Catabolism of Human [125I]Iodochorionic Gonadotropin in Rat Testis*

Abstract

The catabolic fate of [¹²⁵I]iodo-hCG in rat testicular tissue after in vivo binding was studied to determine whether degradation of bound hormone is associated with the removal of hormone-receptor complexes. Male rats were injected iv with [¹²⁵I]iodo-hCG, and the testicular uptake of radioactivity was studied over 24 h. The half-life of the radioactivity in testicular tissue after the maximal uptake at 6 h was calculated o be 10 h. Gel filtration of the radioactivity extracted at 6 and 24 h after the injection of labeled hormone disclosed that hCG in the rat testis undergoes catabolic modifications, including cleavage of peptide fragments identical to hormone subunits and hydrolysis to amino acids.

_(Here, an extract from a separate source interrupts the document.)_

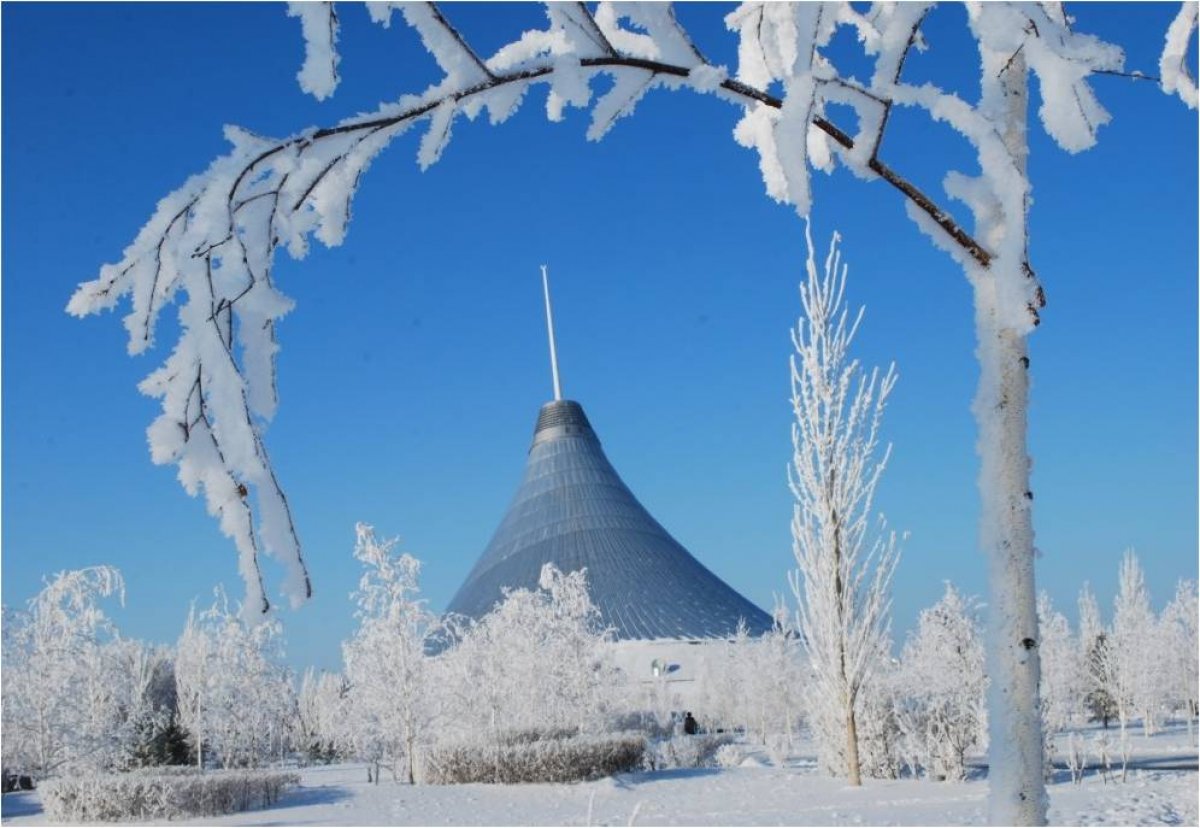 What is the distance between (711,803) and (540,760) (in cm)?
466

The simultaneous injection of an excess (1500 IU) of unlabeled hCG with labeled hormone prevented the appearance of the degradation products. Autoradiography showed a distinct uptake of radioactivity in Leydig cells. Gel filtration of the radioactivity extracted from the isolated Leydig cells, prelabeled in vivo with radiolabeled hormone, displayed that the cells contain free hormone and hormone subunits in addition to hormone-receptor complexes. The homogenate prepared from isolated Leydig cells was also found to be capable of degrading hCG to subunits and amino acids. These observations suggest that the degradation of hCG observed in vivo takes place in the Leydig cells. The results of the present study indicate that the removal of receptor-bound hCG from testicular tissue in vivo is associated with degradation of the hormone molecules to peptide fragments, similar to hormone subunits, and free amino acids. This evidence supports the current view that the removal of receptor-bound hormone from target cells proceeds by the internalization and subsequent degradation of the hormone-receptor complexes.